• **Activity**
Pictures in the records below are skipped; the rest is copied exactly.

** Data under study follows **

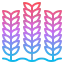 Wheat icon 64x64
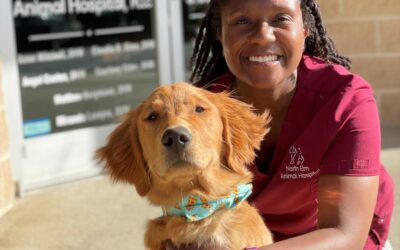 Teresa Dozier Heads to Veterinary School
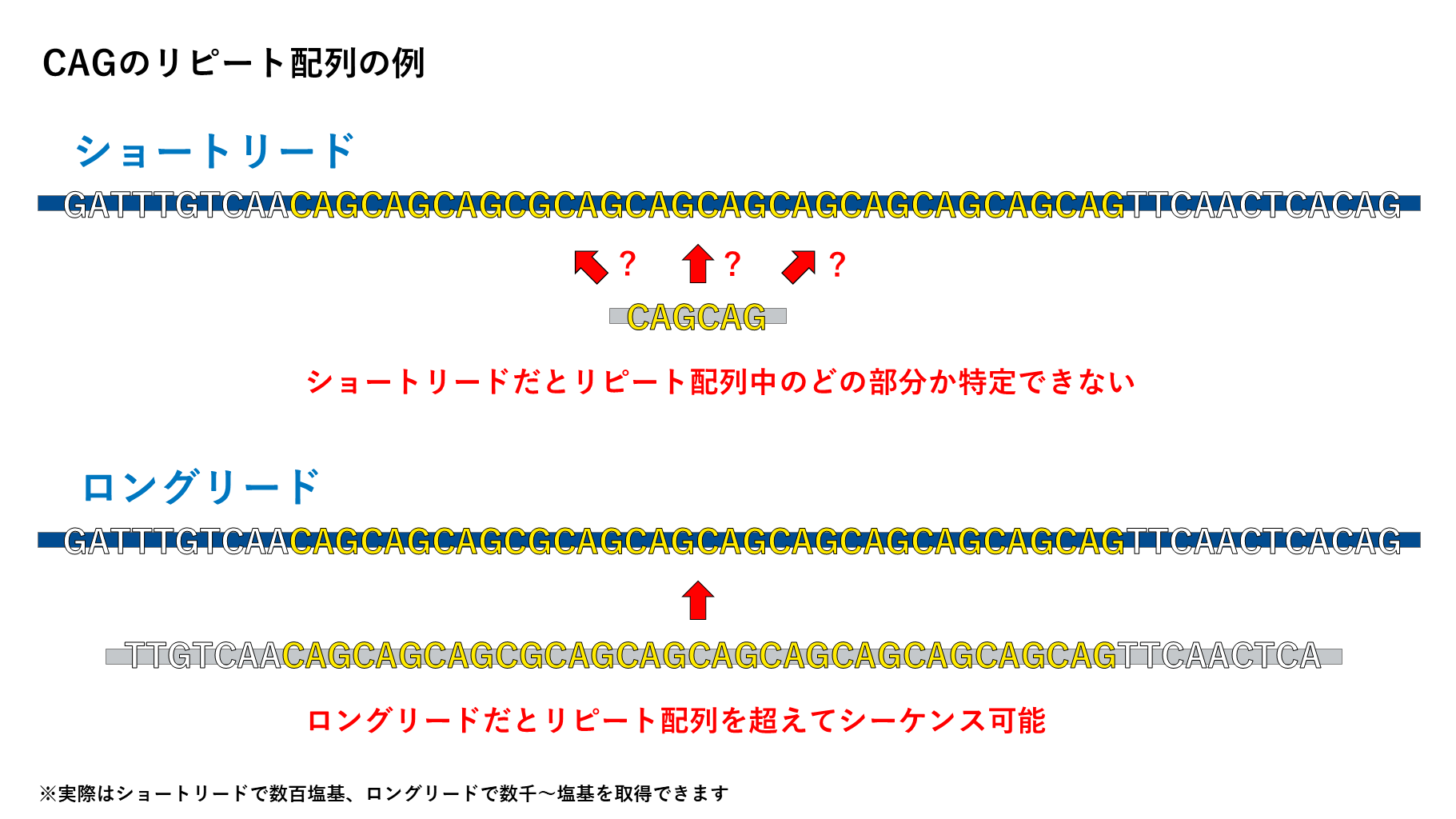 シーケンス 安い リード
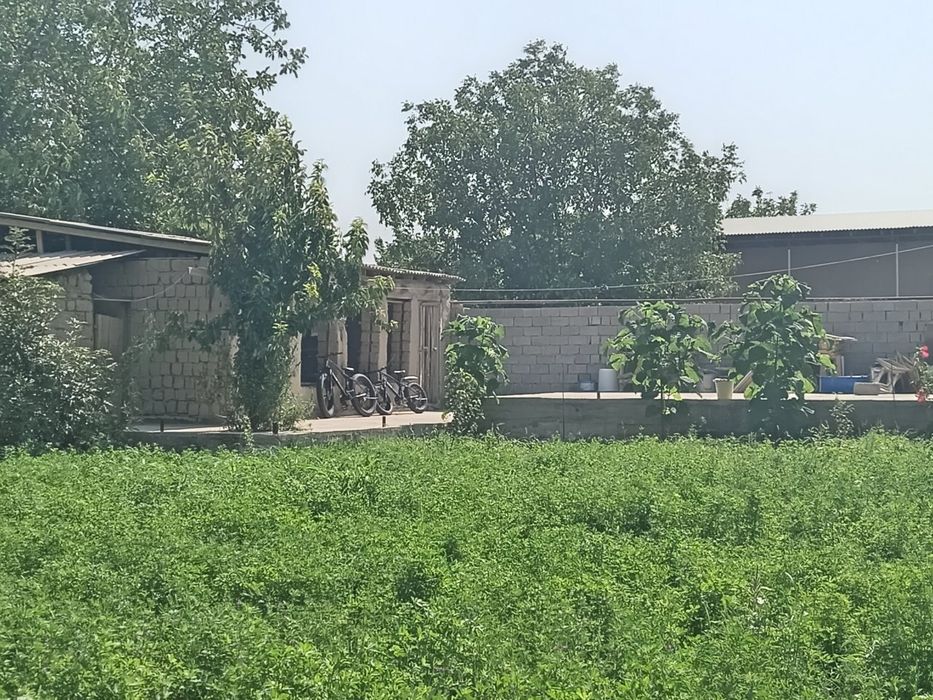 Samarqand vil. Pastdargom tumani. Nayman mahallasida yer sotiladi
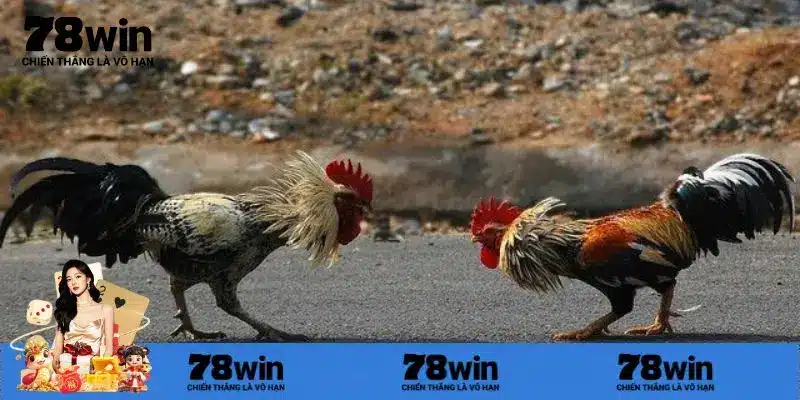 Khám phá đá gà trực tiếp hôm nay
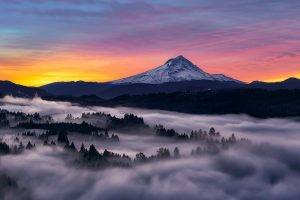 nature, Landscape, Photography, Mountains, Forest, Morning, Sunlight, Mist, Snowy Peak, Sky, Oregon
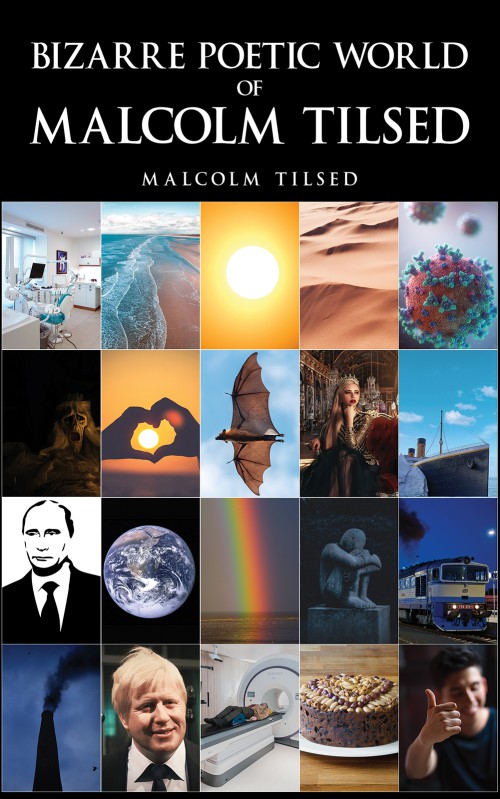 Bizarre Poetic World of Malcolm Tilsed-bookcover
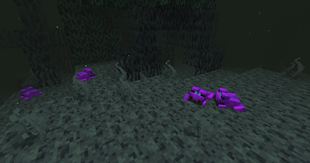 Mire Frog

** End of Data under study **

• **Completed task**
 Wheat icon 64x64
 Teresa Dozier Heads to Veterinary School
 シーケンス 安い リード
 Samarqand vil. Pastdargom tumani. Nayman mahallasida yer sotiladi
 Khám phá đá gà trực tiếp hôm nay
 nature, Landscape, Photography, Mountains, Forest, Morning, Sunlight, Mist, Snowy Peak, Sky, Oregon
 Bizarre Poetic World of Malcolm Tilsed-bookcover
 Mire Frog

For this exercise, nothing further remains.